Hace poco más de 20 años algunos escritores ilegibles pretendieron dividir al mundo literario entre quienes hacían literatura light y ellos, los graves, los serios que parecían redactar en hojas mármol. Y no se referían a autores de libros de superación personal sino a cuentistas y novelistas que se acercaban con mayor facilidad a los lectores.

Por fortuna duró poco su cruzada en la que combatieron con ferocidad inútil no sólo a los autores light de su argumento inicial sino a aquellos escritores que contaban con una fuerte presencia en la plaza pública.

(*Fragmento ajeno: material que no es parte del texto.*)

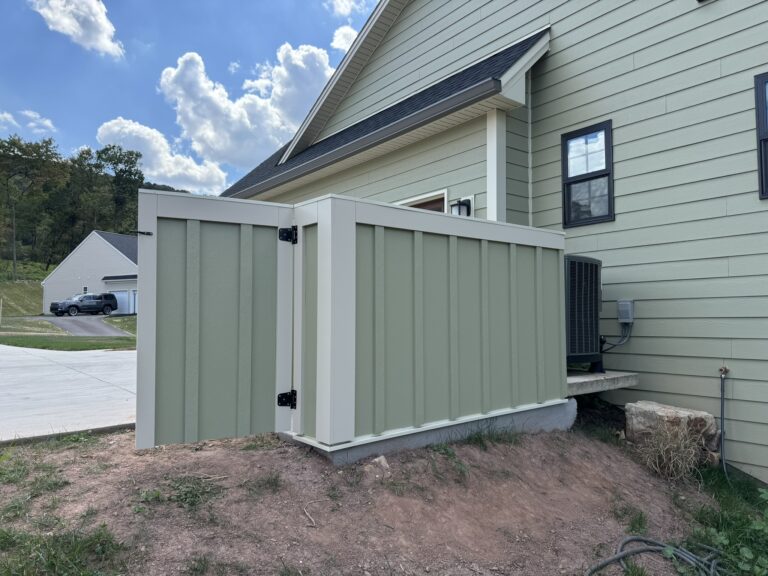 Painted equipment screen fence with gate beside a new construction home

Un autor de culto –y culto como pocos– invitado por la Charles Eliot Norton Lectures reflexionó en 1988 sobre la prosa rápida sin precipitación y sobre la ligereza que hace fluir la escritura como atributos de la literatura del siglo XXI.

Italo Calvino sepultó sin proponérselo con sus Seis propuestas para el próximo milenio, el falso debate entre la literatura light y aquella otra grave, pesada y ostentosa.

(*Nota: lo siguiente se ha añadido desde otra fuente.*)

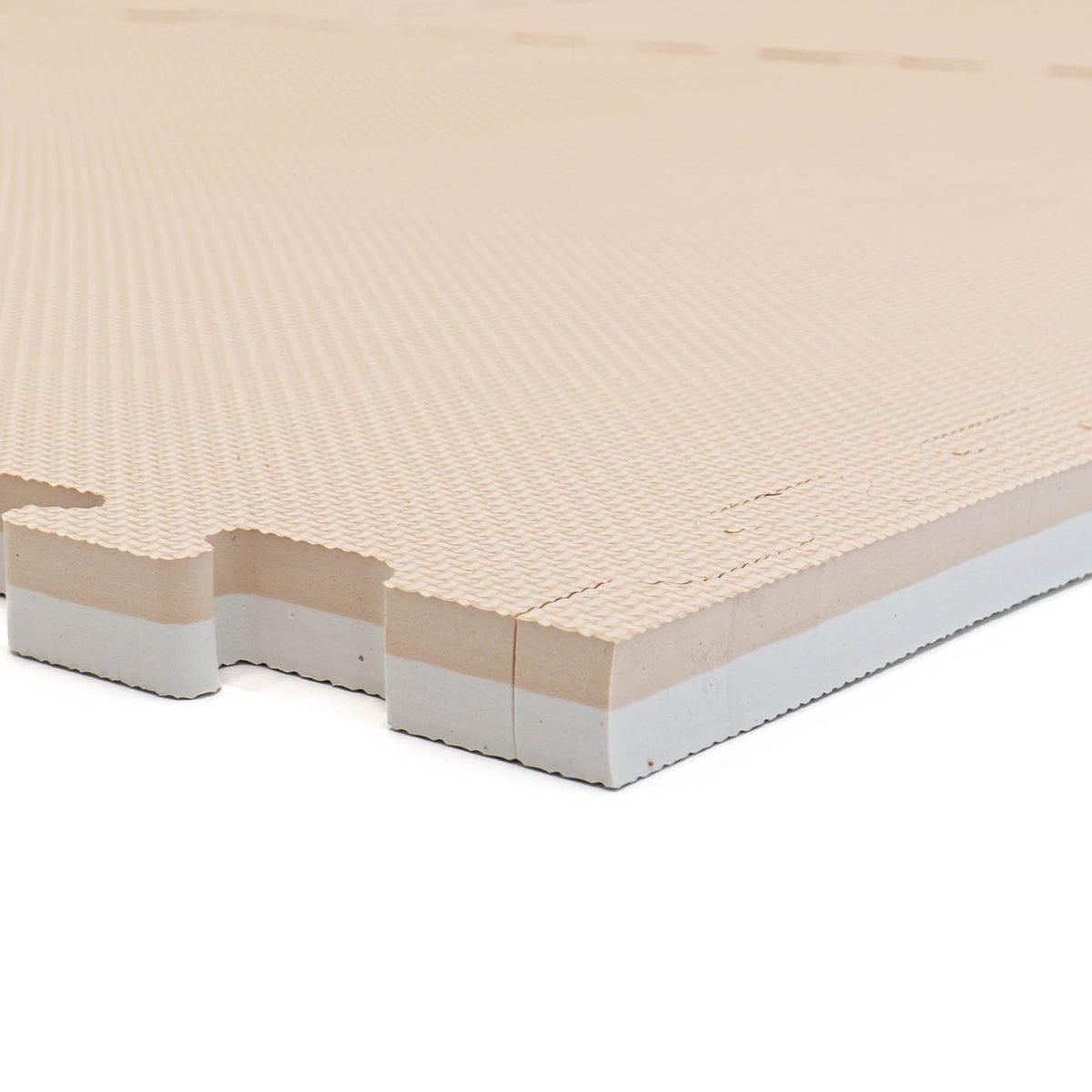 8. Side view of beige foam puzzle mat showing thickness and interlocking edge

Pero esa discusión sobre la literatura light parecía tener en el fondo otra intención más allá del mero debate teórico. Daba la impresión, y tal vez me equivoque, que algunos de los autores autoproclamados serios, en realidad añoraban los lectores de quienes habían apostado por la liviandad en la prosa y que ahora, con el paso de los años, han tenido que aceptar aunque sin explicarnos por qué.

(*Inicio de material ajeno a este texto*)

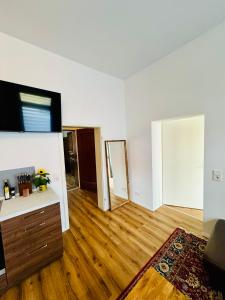 an empty living room with wooden floors and a flat screen tv at Komfortables Apartment mit dem gewissen Etwas in Braunschweig +12 photos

Una derivación de aquella búsqueda de lectores parece haber resurgido recientemente de otra manera azuzada por el mercado.

El crítico Harold Bloom, a quien debemos algunos de los mejores ensayos sobre Shakespeare, ahora parece más interesado en afinar su business plan que en mejorar, por ejemplo, su cuestionado Canon de Occidente.

Recientemente entregó El canon de la novela: novelas y novelistas como antes hizo con el canon del ensayo y el del cuento, donde las ausencias son, por momentos tan importantes como las presencias.

Desgraciadamente el caso del señor Bloom, más pendiente al parecer del reflector y de la salud de sus finanzas, no es un caso aislado. En 2009 Carole Seymour Jones publicó A Dangerous Liaison a Revelatory New Biography of Simone de Beauvoir and Jean Paul Sartre. Reveladora, quizá por hurgar entre las sábanas para mostrarnos la intimidad de esta pareja que no era muy propensa, por cierto, a ocultar sus ideas de la sexualidad.

Y qué decir del académico Christian Duverger que con su Crónica de la eternidad quiso demostrarnos dos cosas: 1, que la Historia verdadera de la conquista de la Nueva España no la escribió Bernal Díaz del Castillo y sobre todo para convencernos de que su autor fue ni más ni menos que un Hernán Cortés genial, cultísimo, sano y divino porque las divinidades son las únicas entidades que habitan el espacio de lo eterno.

Como prestidigitador avezado, muestra datos, refiere hechos más para aclarar, para confundir. Según él, por ejemplo, los libros proscritos por la Inquisición no circulaban en la Nueva España y difícilmente un soldado, como Bernal, podría tener reflexiones filosóficas. Si fueran ciertos esos argumentos ¿con qué libros alimentaban las piras los inquisidores? ¿Cómo justificaban el quemadero de réprobos? Por lo demás cualquiera sabe que la vida con sus dificultades orillan a cualquiera a hacerse las preguntas centrales de la filosofía: ante la muerte de un ser querido, ante el fin de una relación amorosa, o ante la pérdida de la libertad nos da por introyectarnos para entender.

Es lástima que ahora algunos académicos, por gana de lucro o de notoriedad, imiten los peores vicios del mercado editorial. Ahora sólo falta que en las conferencias, ensayos y entrevistas sobre autores y libros más que el análisis literario, priven los cánones ejecutivos y las anécdotas de alcoba. ¿O ya empezamos?’